Un rapport de la Cour des comptes de novembre 2024 (L’accueil et le traitement des urgences à l’hôpital) permet de mieux comprendre les dysfonctionnements ainsi révélés.

La Cour reconnaît que, malgré de très nombreux rapports d’analyse et de propositions et plusieurs plans censés améliorer le fonctionnement de ces structures (le dernier, Pacte de refondation des urgences, date de 2019), le constat est celui d’une saturation, la Cour insistant sur le fait que plus de 50 % des passages correspondent à des cas peu graves ou peu urgents. Les causes de cette situation sont l’insuffisance de personnels (en particulier la pénurie de médecins urgentistes) et une diminution de l’accessibilité des médecins libéraux sur une large partie du territoire, aggravée par le caractère facultatif de leur participation à la permanence des soins.

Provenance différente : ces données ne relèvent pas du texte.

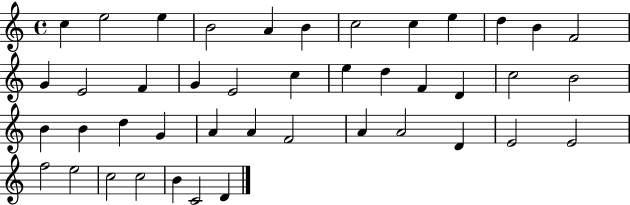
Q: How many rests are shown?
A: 0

La Cour rappelle que la durée d’attente aux urgences est cause de morbidité et parfois de mortalité (telles les nuits passées aux urgences par des personnes âgées sur un brancard), en tout cas de multiplication d’évènements indésirables.

Quant aux mesures tendant à améliorer la situation, la Cour regrette la timidité de la réorganisation des soins de ville engagée depuis une dizaine d’année, délégation de compétences au personnel infirmier pour le suivi des maladies chroniques, embauche d’assistants médicaux censée augmenter le temps médical, création des maisons de santé, développement des centres de soins non programmés situés entre l’hôpital et la médecine de ville. Toutes ces mesures sont quantitativement très insuffisantes et l’on constate des faiblesses dans la coordination avec l’hôpital. Les communautés professionnelles territoriales de santé, créées en 2016 précisément pour coordonner entre ville et hôpital l’offre de soins non programmées, sont efficaces lorsqu’elles existent mais restent en nombre insuffisant., loin de l’objectif visé. Autrement dit, la panoplie des mesures existe mais il faudrait les développer considérablement pour qu’elles deviennent efficaces.

La Cour plaide aussi pour un accueil direct, sans passer par les urgences, des personnes âgées.

Par ailleurs, une amélioration de l’accès aux soins de ville ne permettrait pas d’atténuer les difficultés rencontrées en sortie des urgences quand il faut hospitaliser la personne : la Cour reconnaît que, dans certains cas, il faut créer des lits d’aval et, partout, organiser une régulation territoriale des lits (affichage de la disponibilité), prévue mais mal appliquée.

Comme souvent, les politiques annoncées à grand son de trompe pourraient effectivement améliorer la situation, si elles étaient pleinement appliquées. En l’occurrence, les médecins de ville tendent plutôt à les freiner. La faiblesse et le turn-over des ministres en charge de la santé font le reste. L’hôpital souffre et, pour les Français, l’accès aux soins est mal garanti alors que l’on sait ce qu’il faudrait faire.